▶ [Problem description] Beginning with the line that holds "Dinte pe un", copy each line through the end of the material below, exactly and with no pictures.

▶ [Dataset content]
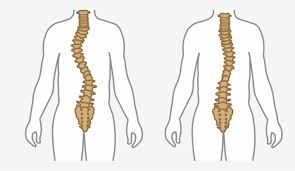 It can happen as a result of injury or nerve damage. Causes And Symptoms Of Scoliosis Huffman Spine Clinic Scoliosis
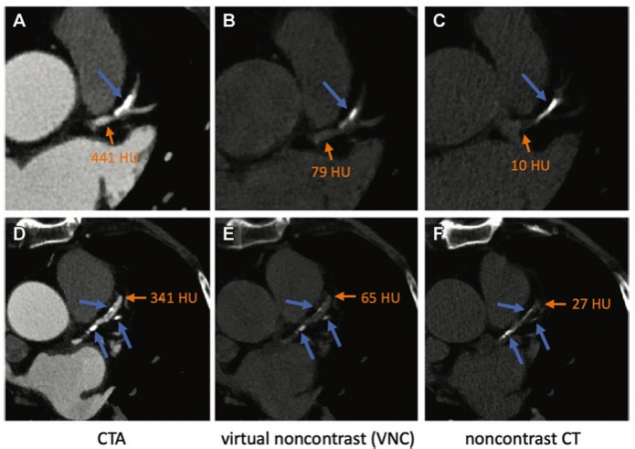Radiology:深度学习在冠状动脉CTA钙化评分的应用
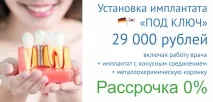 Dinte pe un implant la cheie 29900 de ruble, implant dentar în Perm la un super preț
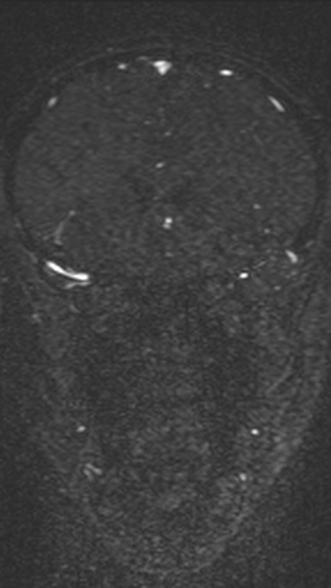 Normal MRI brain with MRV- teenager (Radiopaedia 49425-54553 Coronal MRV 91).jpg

▶ [Task answer]
 Dinte pe un implant la cheie 29900 de ruble, implant dentar în Perm la un super preț
 Normal MRI brain with MRV- teenager (Radiopaedia 49425-54553 Coronal MRV 91).jpg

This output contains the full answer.